• _YOUR GOAL_
In the records below, find the line holding "PADI Specialty Self Reliant Diver" and the line holding "Read Lovesick Dog". Set down both, with every line between them, exactly.

Records contained in a dataset
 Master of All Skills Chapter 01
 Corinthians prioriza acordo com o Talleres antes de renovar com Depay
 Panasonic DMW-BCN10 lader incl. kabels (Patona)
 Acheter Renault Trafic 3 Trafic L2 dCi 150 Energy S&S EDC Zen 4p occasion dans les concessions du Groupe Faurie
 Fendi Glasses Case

...

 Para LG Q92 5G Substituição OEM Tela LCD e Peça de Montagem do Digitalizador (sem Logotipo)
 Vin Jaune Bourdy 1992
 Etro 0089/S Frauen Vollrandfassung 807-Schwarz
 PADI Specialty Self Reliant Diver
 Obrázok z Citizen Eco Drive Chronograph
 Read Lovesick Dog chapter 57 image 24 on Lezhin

--

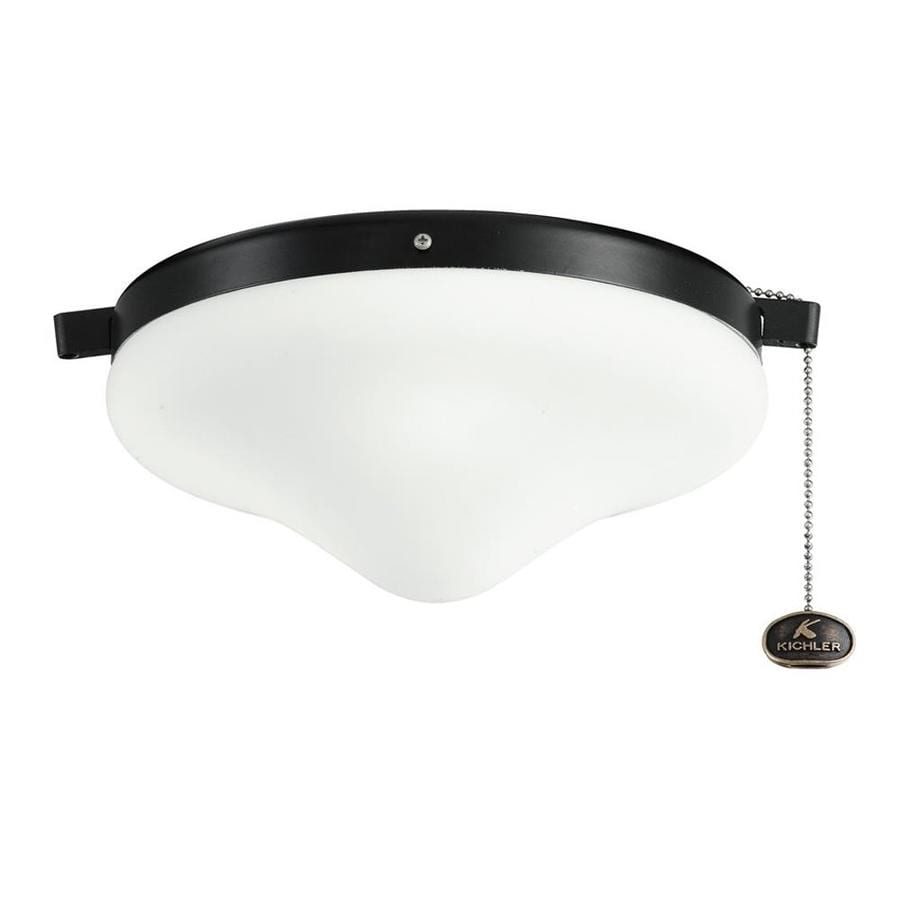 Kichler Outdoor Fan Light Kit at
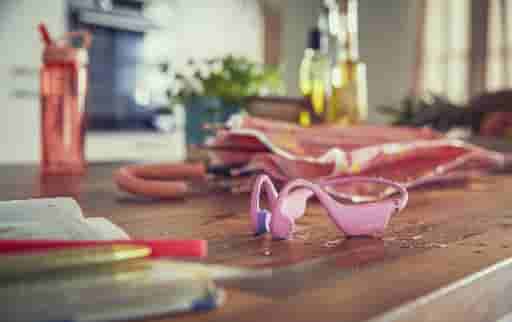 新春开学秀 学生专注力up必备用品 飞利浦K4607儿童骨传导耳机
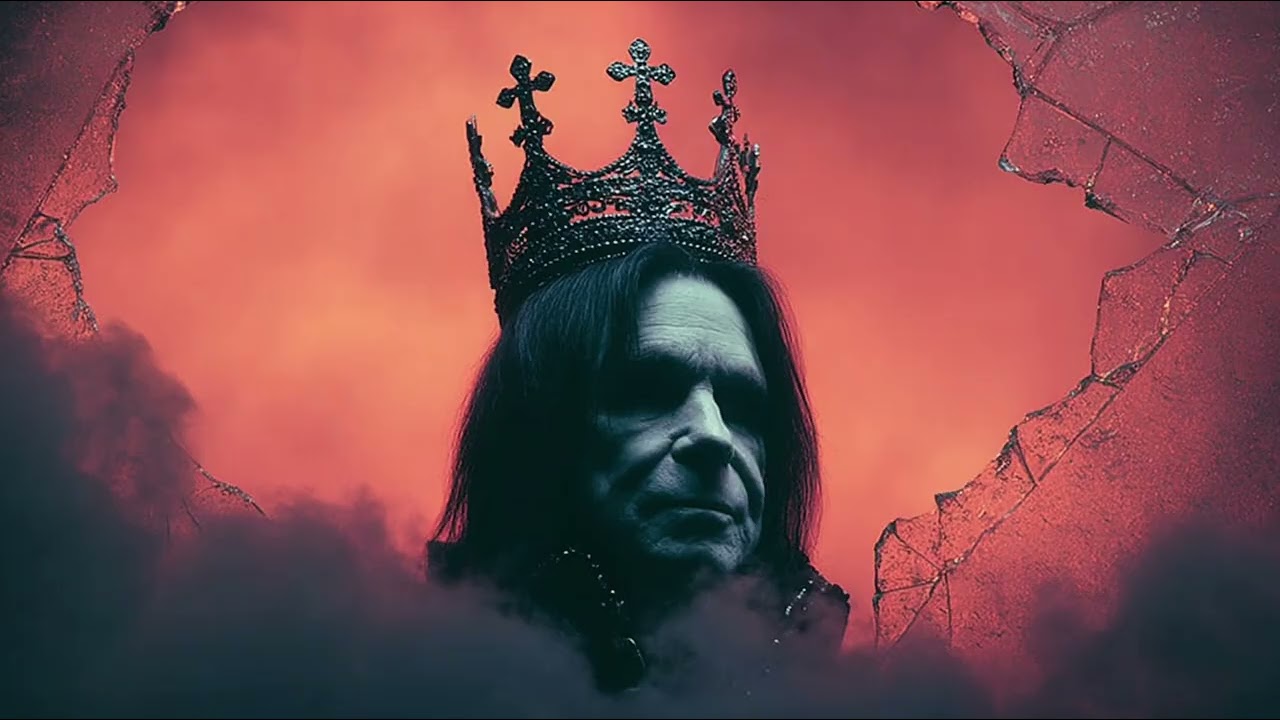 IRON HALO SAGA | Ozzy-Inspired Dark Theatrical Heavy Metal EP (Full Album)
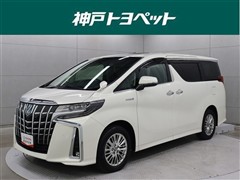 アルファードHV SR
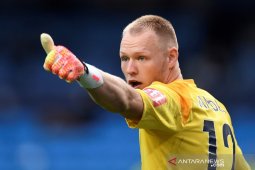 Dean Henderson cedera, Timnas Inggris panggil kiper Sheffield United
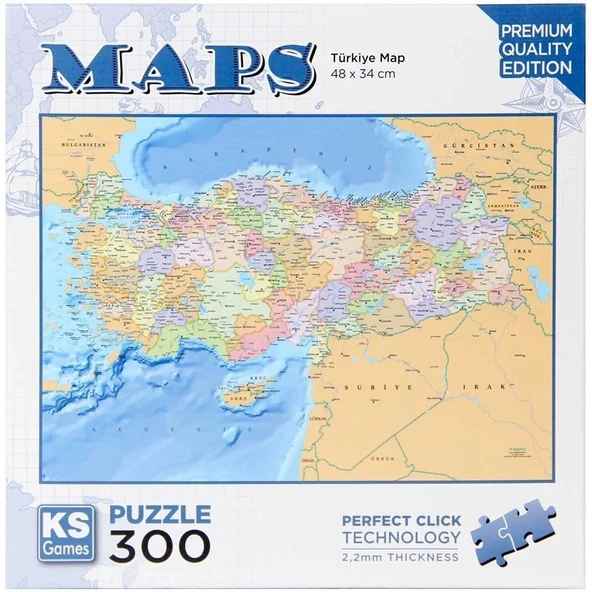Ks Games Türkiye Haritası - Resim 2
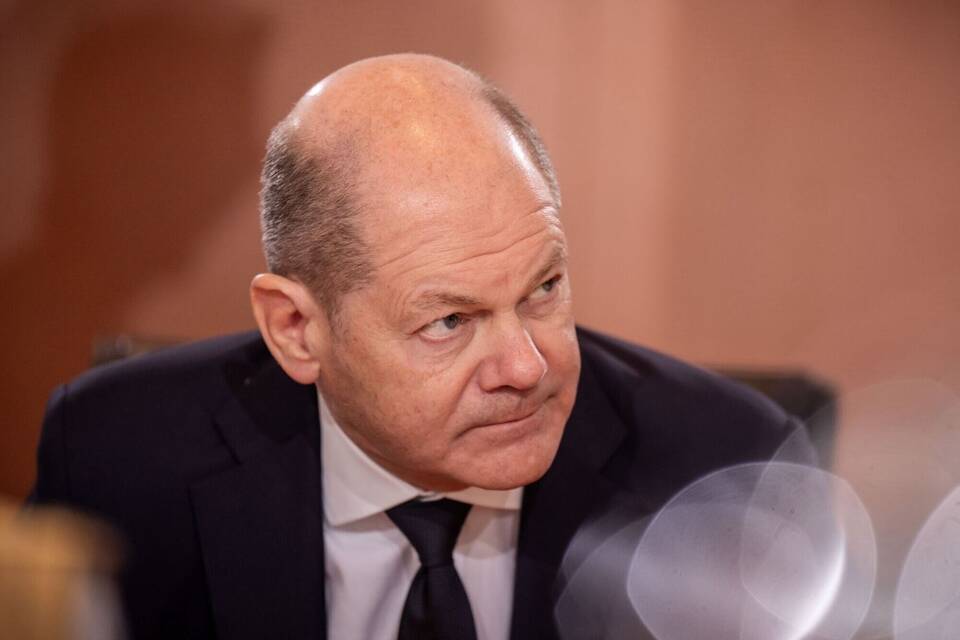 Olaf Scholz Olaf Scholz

• _ANSWER FOR THIS EXERCISE_
 PADI Specialty Self Reliant Diver
 Obrázok z Citizen Eco Drive Chronograph
 Read Lovesick Dog chapter 57 image 24 on Lezhin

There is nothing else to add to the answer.